---- EXERCISE INPUTS

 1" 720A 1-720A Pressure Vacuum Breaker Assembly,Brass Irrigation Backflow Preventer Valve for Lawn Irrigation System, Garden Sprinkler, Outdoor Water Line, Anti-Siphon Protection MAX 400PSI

--------
---- EXERCISE INPUTS

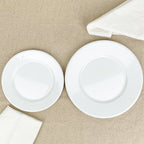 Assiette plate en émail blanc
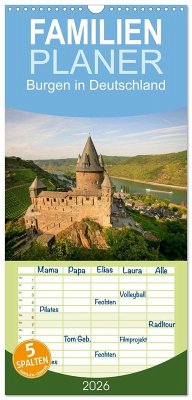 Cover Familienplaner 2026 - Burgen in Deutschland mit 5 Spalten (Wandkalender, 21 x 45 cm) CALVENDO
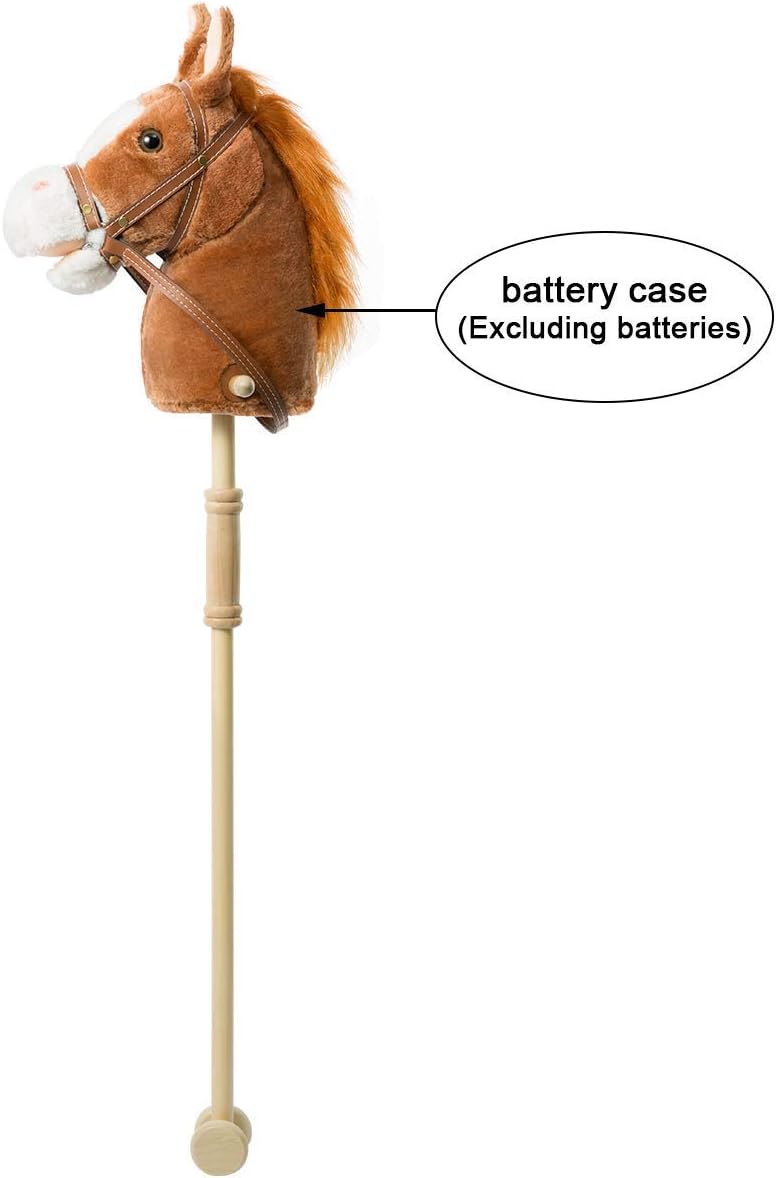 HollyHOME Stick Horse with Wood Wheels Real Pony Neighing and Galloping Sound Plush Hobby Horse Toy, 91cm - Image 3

--------

• **YOUR TASK**: Exact copy, pictures excluded: from the line with "Cover Familienplaner 2026" up to and including the line with "HollyHOME Stick Horse" in the data above.

• **EXERCISE RESULT**:
 Cover Familienplaner 2026 - Burgen in Deutschland mit 5 Spalten (Wandkalender, 21 x 45 cm) CALVENDO
 HollyHOME Stick Horse with Wood Wheels Real Pony Neighing and Galloping Sound Plush Hobby Horse Toy, 91cm - Image 3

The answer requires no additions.